John and the two “extras” offered their shares to the spoiled beauty, but Judy was adamant.

“Those sandwiches with olives and mayonnaise are very rich for any one with a liver,” said Judy later on as Miss Hunt was preparing to help herself plentifully to the delectable food; “these plain bread-and-butter ones would be much more wholesome for you, my dear. What, cheese cakes for any one who is too ill to sit up straight! Goodness gracious, Miss Hunt, do be careful! Your demise would grieve so many it is really selfish of you not to take better care of yourself.”

“You seem to be very much concerned about my health, Miss Kean. I wonder that you knew I did not feel well; you seemed to be fully occupied on the journey with Mr.

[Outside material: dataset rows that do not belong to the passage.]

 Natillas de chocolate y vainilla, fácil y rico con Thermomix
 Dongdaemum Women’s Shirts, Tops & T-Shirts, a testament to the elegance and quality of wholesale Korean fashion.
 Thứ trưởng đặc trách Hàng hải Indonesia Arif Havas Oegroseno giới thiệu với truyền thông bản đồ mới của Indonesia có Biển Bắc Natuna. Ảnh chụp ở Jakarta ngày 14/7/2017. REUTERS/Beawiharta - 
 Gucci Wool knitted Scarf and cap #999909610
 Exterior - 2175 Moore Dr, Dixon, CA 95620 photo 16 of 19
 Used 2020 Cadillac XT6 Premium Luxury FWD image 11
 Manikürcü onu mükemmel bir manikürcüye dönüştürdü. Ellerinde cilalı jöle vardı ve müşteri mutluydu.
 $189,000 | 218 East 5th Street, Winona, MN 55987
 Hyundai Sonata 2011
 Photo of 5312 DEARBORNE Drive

Kent Brown,” snapped Miss Hunt.

“So I was,” answered Judy, nothing daunted. “But whenever Kent had to turn his attentions to the four horses when we came to rough spots in the road and he was trying not to jolt the ambulance too much, then I could turn around and get a good bird’s-eye view of the passengers, and you always seemed to be on the point of fainting.”

“I know you are better now,” said Molly, who could not bear for even Miss Hunt, who was certainly not her style of girl, to be teased. “I know these apple turnovers won’t hurt you, and Aunt Mary makes such good ones. Do have one, and here is some more cream if you want it in your coffee.”

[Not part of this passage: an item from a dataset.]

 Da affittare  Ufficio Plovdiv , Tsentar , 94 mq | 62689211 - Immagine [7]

“What a sweet girl your sister is,” said Miss Hunt in an audible whisper. “I can’t see what she finds in that Miss Kean to want her to make her such an interminable visit.”

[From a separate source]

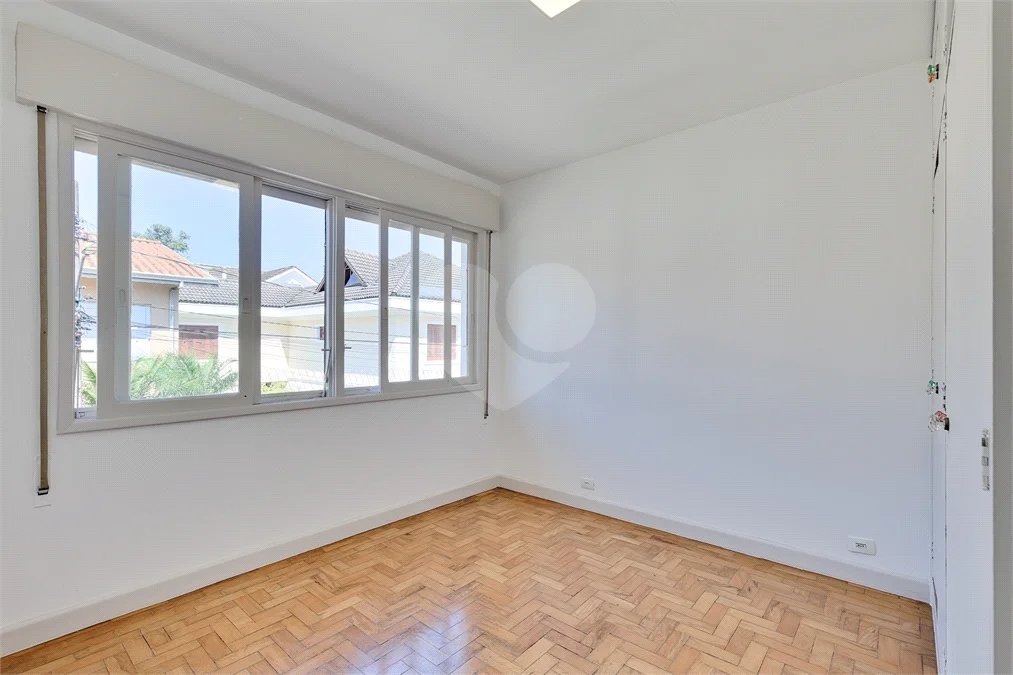 Casa de Vila à venda com 4 quartos, sendo 2 suítes, em Alto da Boa Vista, São Paulo, SP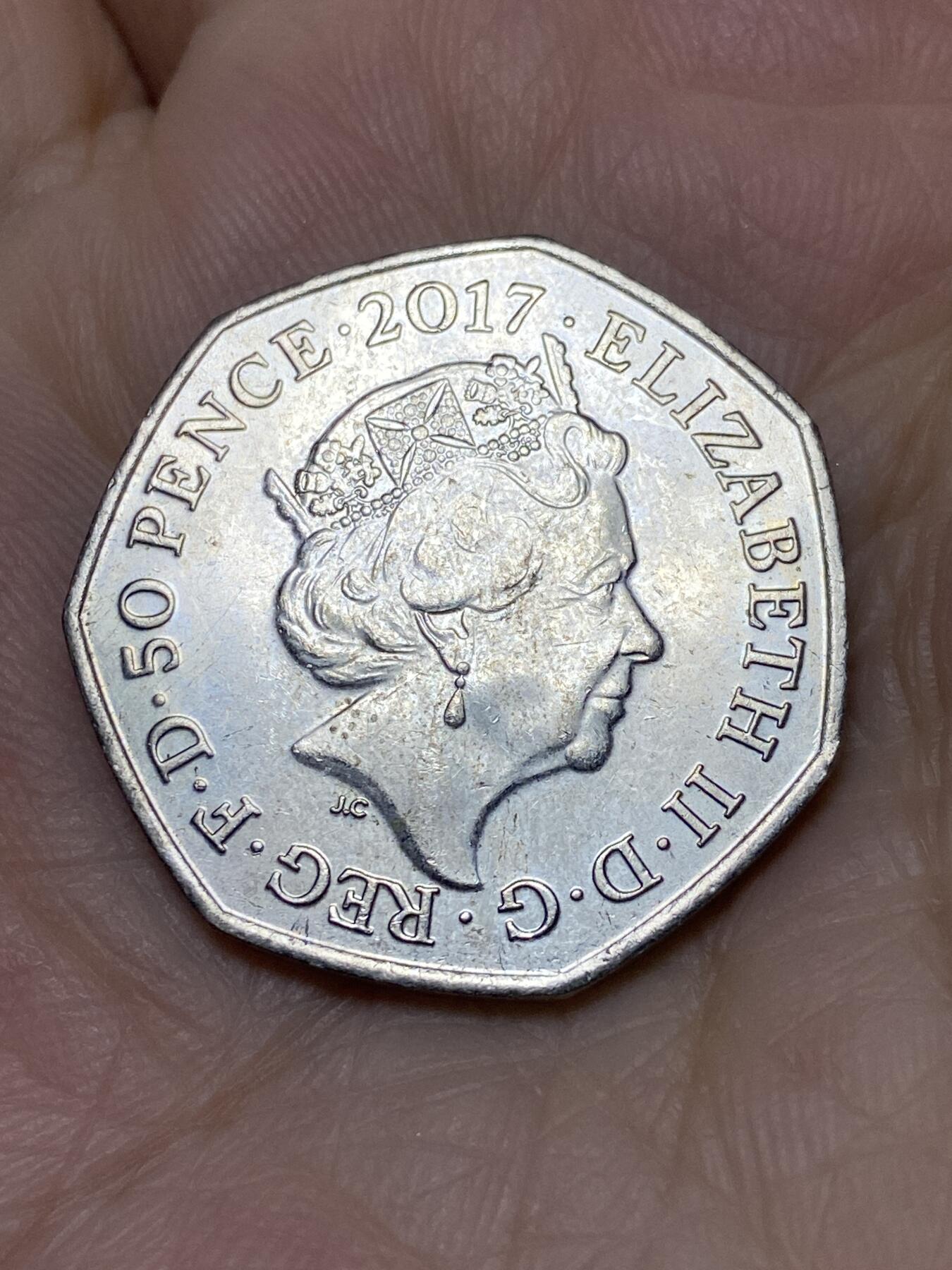 2025年第一百一十九场(总第一百四十五场）外国好品散币(免佣金) 英国🇬🇧2017年50便士(本杰明兔纪念币)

The ill-natured remark was heard by every one. For did you ever notice that the way to make yourself heard in a crowd of noisy talkers is to whisper? Molly looked ready for tears, and Kent bit his lips in rage, but Judy, as spunky as usual, and feeling that she deserved a rebuke from Miss Hunt, but rather shocked at the ill-bred way of delivering it, spoke out: “Mrs. Brown, when we were laughing the other day over your story of the old Virginia gentleman who came in out of the rain and stayed six years, I had another one to tell, but something happened to interrupt me. Might I tell it now?”

Mrs. Brown gave a smiling consent. She was not so tender-hearted as Molly and, while she felt it a mistake to wrangle, she was rather curious to see who would get ahead in this trial of wits.

“I bet my bottom dollar on Miss Judy, don’t you, mother?” said Kent in an undertone.

“I certainly do,” whispered his mother.

“A little Southern girl we knew at college, Madeline Pettit, told in all seriousness about a neighbor of hers who was invited to go on a visit. She accepted, but they had to sell the cow for her to go on, and then she had to prolong her visit for the calf to get big enough for her to come home on. I am afraid our calf is almost big enough and papa may come riding in on it any day and carry me off.” There was a general roar of laughter, and then the picnickers, having eaten all that they uncomfortably could, made a general movement toward adjournment.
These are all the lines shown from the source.